Use Spark History Server
In Hadoop Eco, the Spark History Server can be used to monitor Spark jobs. The Spark History Server visually provides logs of Spark jobs executed by the user through the Spark web UI, allowing you to check the execution status and results of the jobs.
There may be discrepancies in data between the internal Spark History Servers of the cluster, depending on the log upload cycle.
Spark History Server features
The Spark History Server provides the following features:
- Monitoring Spark jobs both inside and outside the cluster
- Viewing event and container logs of running Spark applications
- Viewing the history of Spark jobs from terminated clusters
Collect Spark History Server logs
To use the Spark History Server, Hadoop Eco collects and stores the following two types of user logs:
Log type | Description |
---|---|
Spark Apps logs | Event logs collected when Spark jobs are executed, storing job execution times, task status, etc. |
YARN container logs | Logs generated by Spark executors during job execution, stored as stdout and stderr in YARN container logs. |
These logs are stored in the location specified by the user when the cluster is created.
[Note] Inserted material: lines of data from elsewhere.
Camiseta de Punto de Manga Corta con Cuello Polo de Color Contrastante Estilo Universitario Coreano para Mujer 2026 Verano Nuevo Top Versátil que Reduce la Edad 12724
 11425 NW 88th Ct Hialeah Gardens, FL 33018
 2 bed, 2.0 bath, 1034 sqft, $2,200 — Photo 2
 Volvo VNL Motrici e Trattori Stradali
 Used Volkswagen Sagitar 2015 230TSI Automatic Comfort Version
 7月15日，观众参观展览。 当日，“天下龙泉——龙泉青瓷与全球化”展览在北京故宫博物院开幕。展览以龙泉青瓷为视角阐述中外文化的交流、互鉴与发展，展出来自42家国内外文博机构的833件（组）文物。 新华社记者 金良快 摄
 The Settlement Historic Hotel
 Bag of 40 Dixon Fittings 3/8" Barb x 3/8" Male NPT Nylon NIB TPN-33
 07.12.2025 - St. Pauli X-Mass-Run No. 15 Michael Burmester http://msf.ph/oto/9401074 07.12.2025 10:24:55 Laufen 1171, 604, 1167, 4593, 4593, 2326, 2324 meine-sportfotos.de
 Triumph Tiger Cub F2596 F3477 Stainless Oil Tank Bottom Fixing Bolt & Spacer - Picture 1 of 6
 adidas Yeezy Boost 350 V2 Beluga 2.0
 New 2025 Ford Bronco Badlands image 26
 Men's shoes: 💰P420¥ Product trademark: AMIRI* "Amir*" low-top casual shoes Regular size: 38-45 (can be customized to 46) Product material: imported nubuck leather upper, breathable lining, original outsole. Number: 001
(Log storage configuration can be set during cluster creation, and cannot be configured after cluster creation.)
However, logs may not be collected properly under the following conditions:
Spark History Server execution conditions
- Hadoop Eco cluster status
- If the cluster is not in a Running state, the Spark History Server may not run properly.
- However, it can be executed on a cluster that has been terminated but whose logs have been collected correctly.
- Log collection settings
- If the following settings are changed by the user, logs may not be collected properly.
- Spark's
spark-defaults.conf
settings
- Spark's
spark.eventLog.enabled true
spark.eventLog.dir hdfs:///var/log/spark/apps
- Configure yarn-site.xml
커버로스 및 레인저 설치 방법
<configuration>
<property>
<name>yarn.log-aggregation-enable</name>
<value>true</value>
</property>
<property>
<name>yarn.nodemanager.log-dirs</name>
<value>/hadoop/yarn/log</value>
</property>
<property>
<name>yarn.nodemanager.log.retain-seconds</name>
<value>604800</value>
</property>
</configuration>
If the log retention period is set too short, it may be difficult to verify the logs.
Run Spark history server
-
Go to the KakaoCloud Console > Analytics > Hadoop Eco menu.
-
In the Cluster menu, click the [Create Cluster] button located at the top right.
-
In Step 3: Detailed Settings > Cluster Detailed Settings, change the log storage setting to [Enabled].
-
Select an Object Storage bucket, specify the desired path, and click the [Create] button.
-
Once the created Hadoop Eco cluster status changes to Running, select the cluster and navigate to the cluster's detail page.
-
In the detail page, click the Run Spark History Server button located at the top right.
- After clicking the button, the server will start within 5 minutes. Once the process is complete, the button will change to Open Spark History Server, and the server will automatically run.
- The Spark History Server will remain active for a certain period if there are user requests. If there are no requests, it will shut down automatically.
- Even if the server shuts down, the user logs will not be deleted, and the server can be restarted via the Run Spark History Server button.
- In the case of large log files, the Spark History Server may terminate due to memory shortage while running.
- If the stored logs are deleted, the Spark History Server may not function properly.
- If security features are enabled, log collection errors may occur depending on the settings.